We predicted that female mason bees will select the warmer nests first, and that females will leave nests earlier in the morning to begin foraging because they will reach the critical internal temperature necessary for flight sooner.
If heated bees have a greater window of foraging time, then we predict they’ll be able to construct nests at a faster rate in the warmer nests.
With greater nest construction will come a greater production of offspring from the bees in the warmed nests.
In terms of offspring quality, we predict that offspring of heated nests will emerge as weak individuals and mortality will be the highest for the heated brood.
…and we are pretty confident about this last prediction.
Insects are poikilothermic meaning their internal temperatures are determined by the environment. Past studies by researchers Bosch and Kemp have reported that mason bees who are overwintered at warm temperatures will “use up their metabolic reserves and are likely to die during the winter”. And a more recent study by researchers at the University of Arizona found that mason bees subjected to heating resulted in reduced body mass, fat content and high mortality of the mason bee offspring.
Our mason bees started hatching from cocoons in mid-April and began to colonize the nest structures. I captured video footage of the bees as they emerged in the morning to forage. If bees from heated nest sites emerge earlier, this will support our hypotheses that they reach their critical-for-flight temperature earlier, and get a leg-up on foraging compared to their neighbors.
I also conducted “nest checks” to track the rate of nest construction along with two other research assistants.
In the fall, the nest tubes will be extracted to examine the reproductive output, and in the following spring, offspring will be assessed for rates of mortality, offspring mass, and fat content.
Some of the challenges along the way have included dealing with insect pests. Spiders were easygoing inhabitants of the nest straws, for they only nested in empty straws, so we’d swap them out for a clean one. The earwigs were much more pervasive, and went for the already inhabited nests. As generalist foragers, the earwigs took advantage of provision balls of nectar and pollen that had not yet been sealed off by mud. Once I read that earwigs will indeed eat the mason bee eggs that are laid into the provision masses, I knew it was crucial to remove the earwigs from all nests, but these feisty creatures proved determined to stay. We ordered some tanglefoot, a sticky substance to trap the earwigs on their way up the structure post, and meanwhile I coaxed earwigs out with tiny pieces of grass. Jabbing them repeatedly would eventually provoke them to charge at the blade of grass and fall out from the straw.
Yellowjackets were another opportunistic nester. They’d sneak into the cocoon boxes to build nests, and always gave me a start when opening the tiny boxes. I removed their nests with an extended grabber tool and would destroy them in any way I could. I feel immensely lucky not to have been stung through this process.
The most terrifying surprise during the project was a fat snake that was living in the solar panel battery box. It popped out at me hissing while I conducted a routine check.
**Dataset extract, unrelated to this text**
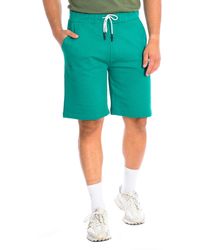 La Martina - Tmb003-Fp221 Sports Shorts - Lyst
Alas, I was too spooked to take on this unexpected visitor and let it leave on its own time.
Preliminary Findings & Observations
By mid-May, a pretty clear pattern was emerging. At each structure, the control shelf’s nests (+ 0 °C) were full and capped with mud, while the hottest shelves were almost completely empty. We will analyze nest check data to confirm that these patterns are not just arising by chance, but a study that was released this past April showed another species of mason bee in Poland following the same pattern of nest site preference and selection for cooler nest sites.
The mason bees’ unexpected behavior of avoiding the heated chambers may lead to trouble during the second part of the experiment because this means our sample size for heated offspring has become so tiny, but here it is important to note that this is mason bee project is a pilot study and so the data collected this year will simply influence more specific future research.
these preliminary findings make me think that mason bees have an ingrained sense to avoid warm nests, which might show mason bees’ adaptability in the face of climate change, that is, if they can manage to continue finding cool nests. People managing mason bees find that nests facing the morning sun are the most attractive to the bees, but I wonder how long it will be before temperatures rise and mason bees start avoiding these sunny nests.
By the end of May, I’d only see a few the mason bees per visit, so the season was clearly coming to an end. I wrapped up data collection and am now spending the summer extracting data from the video footage, and checking up on the bees to ensure they are safe and sound until Fall inspections.
I am wishing the best to both the wild bees in our region and those in our study, as the temperatures skyrocket this week but with this summer’s heat wave, I don’t think we need to simulate climate change; it is right here before us. Even though it is practically inevitable that temperatures will rise to dangerous heights in my generation’s lifetime, there is so much life to be saved, and there is no time to waste.
As part of Master Gardener Week at the end of October, I had the opportunity to view “Five Seasons: The Gardens of Piet Oudolf” and participate in a discussion afterwards. This recently-released film has brought renewed attention to the gardens and landscapes created by this internationally-renowned designer. His popular public garden designs, and several books, have had a profound impact on the design of public spaces, as well as private gardens.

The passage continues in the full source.